When we analyzed our data based on fat fraction measurement using MRI PDFF (< 10% versus ≥ 10%), we noted a similar significantly higher total bilirubin level at 1-week post LT in subjects with PDFF % ≥10% (13±10.5 vs.2.95±2.6 vs., p = 0.026). Mean bilirubin remained persistently higher in the group with high PDFF up to 2 months post LT (S7 Fig). Again, we noted a higher peak level of AST, and ALT in the group with ≥10% allograft steatosis on MRI PDFF in the immediate post LT period (S7 Fig). Length of ICU stay, length of hospitalizations, re-explorations, re-admissions were not different.
EAD was noted in 7(25%) subjects in the current cohort of patients. EAD findings of all the subjects enrolled in the final cohort is summarized in S1 Table. A comparison of area under ROC curves in predicting early allograft dysfunction based on the degree of hepatic steatosis as read by the external pathologist is presented in Fig 4. AUC for histology determined macro steatosis (per external pathologist) to predict EAD was 73% (95% CI: 48–99). Similarly, AUC for macro steatosis read out by Internal pathologist A for predicting EAD was 80% (95% CI: 57–100), and for Internal pathologist B for predicting EAD was 80% (95% CI: 57–100). AUC for histology determined micro plus macro steatosis by the external pathologist to predict EAD was 76% (95% CI: 49–100). ROC association using MRI PDFF to predict EAD showed an AUC of 67(35–98) only. Comparison of the ROC curves in a multivariate model revealed, adding MRI PDFF values to macro steatosis increased ability of the model in predicting EAD (AUC: 79%, 95% CI: 59–99), and addition of macro plus micro steatosis based on histology predicted EAD significantly better (AUC: 90%: 79–100, P = 0.054).
We also performed a subset analysis to predict peak bilirubin > 10 mg/dl at 1 week (Fig 5). Again, we noted AUC for histology determined macro steatosis read out by external pathologist to predict peak bilirubin > 10 mg/dl was 73% (95% CI: 25–100). Similarly, these results for Internal pathologist A was 80% (95% CI: 48–100), and for internal pathologist B was 82% (95% CI: 51–100), AUC for histology determined micro plus macro steatosis read out by external pathologist to predict peak bilirubin > 10 mg/dl was 80% (95% CI: 42–100).

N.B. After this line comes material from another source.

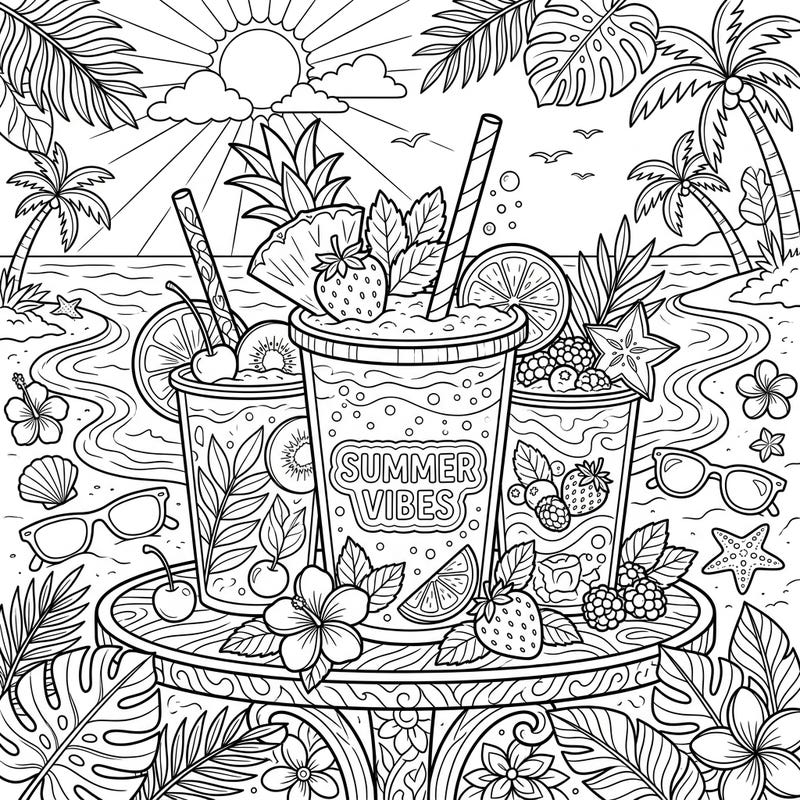 Get ready for a refreshing summer escape with this vibrant coloring page featuring delicious fruit smoothies. Immerse yourself in a tropical beach scene filled with sunny details and fruity delights.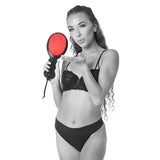 Paddle Amor BDSM rosu pentru jocuri erotice, compact, din piele ecologica, fata moale si rigida, cu curea de prindere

Similar results were obtained for internal pathologist A (79%; 95% CI: 45.50–100), and internal pathologist B ((79%; 95% CI: 45–100). ROC association using MRI PDFF to predict peak bilirubin > 10 mg/dl showed an AUC of 73(25–100) only. Comparison of the ROC curves in a multivariate model revealed, adding MRI PDFF values increased overall performance of the model in predicting peak bilirubin > 10 mg/dl for both macro-steatosis (AUC: 90, 95% CI: 69–100) as well as of macro plus micro steatosis (AUC: 93%: 80–100) compared to MRI PDFF values alone.
In this pilot study, we have demonstrated a similar degree accuracy of ex-vivo MRI-PDFF imaging of donor liver enroute to the operating room in quantifying hepatic steatosis, and as an adjunct tool for assessment of hepatic steatosis to liver biopsy, thus potentially providing an additional safety net in selecting quality donor liver with optimal hepatic steatosis. Additionally, we have demonstrated the potential utility of MRI‐PDFF as an imaging biomarker for predicting early allograft dysfunction related to severe steatosis. To our knowledge, this is the first study demonstrating the potential utility of ex-vivo MRI imaging for donor liver selection.
Assessment of liver allograft steatosis is an important first step in the selection of the suitability of donor organs. Historically, steatosis has been classified as microvesicular or macrovesicular, based on hepatocyte fat droplet size and nucleus displacement. Microvesicular steatosis manifests histologically as diffuse deposition of small lipid droplets in the hepatocyte cytoplasm with a resulting foamy appearance. On the other hand, in the setting of macrovesicular steatosis, two types of fat droplets are seen, small droplets and large droplet. Fat droplets in small droplet steatosis are not large enough to displace the nucleus, and often this finding is misreported in the literature as being microvesicular steatosis on biopsy leading to confusion. We suspect these differences in the reporting may have affected the moderate disagreement in the assessment of the degree of macro-steatosis among the internal and external (procurement site) pathologist. This is evident with little, if any, disagreement among the readers when we combined the macro and micro-steatosis (Table 2).
Using allografts pre-selected for LT, we have shown strong correlation (defined as r = 0.70 to 0.89) of MRI-PDFF with allograft steatosis on histology as assessed on procurement site as well as on secondary readouts by two independent expert liver pathologist suggesting its potential utility in allograft section. Several in vivo studies have compared MRI-PDFF or histologic evaluation from a single biopsy showing a good correlation[10–13]. In a study using explanted human liver, Bannas et al have shown MRI-PDFF as an accurate, precise, and reader-independent noninvasive imaging biomarker of liver triglyceride content, capable of steatosis quantification over the entire liver. Bannas et al specifically demonstrated that MRI-PDFF had higher intraobserver and interobserver agreement and higher precision (repeatability) than histologic steatosis grading. Additionally, the utility of MRI as a modality for donor selection has been recently evaluated in 144 liver donor candidates with magnetic resonance spectroscopy (MRS) and 6-echo Dixon magnetic resonance imaging (MRI). The authors noted, MR-PDFF estimate of negligible hepatic fat percentage (<5%) has sufficient NPV for excluding clinically significant hepatic steatosis (≥10%) in living liver donor candidates obviating the need for liver biopsy.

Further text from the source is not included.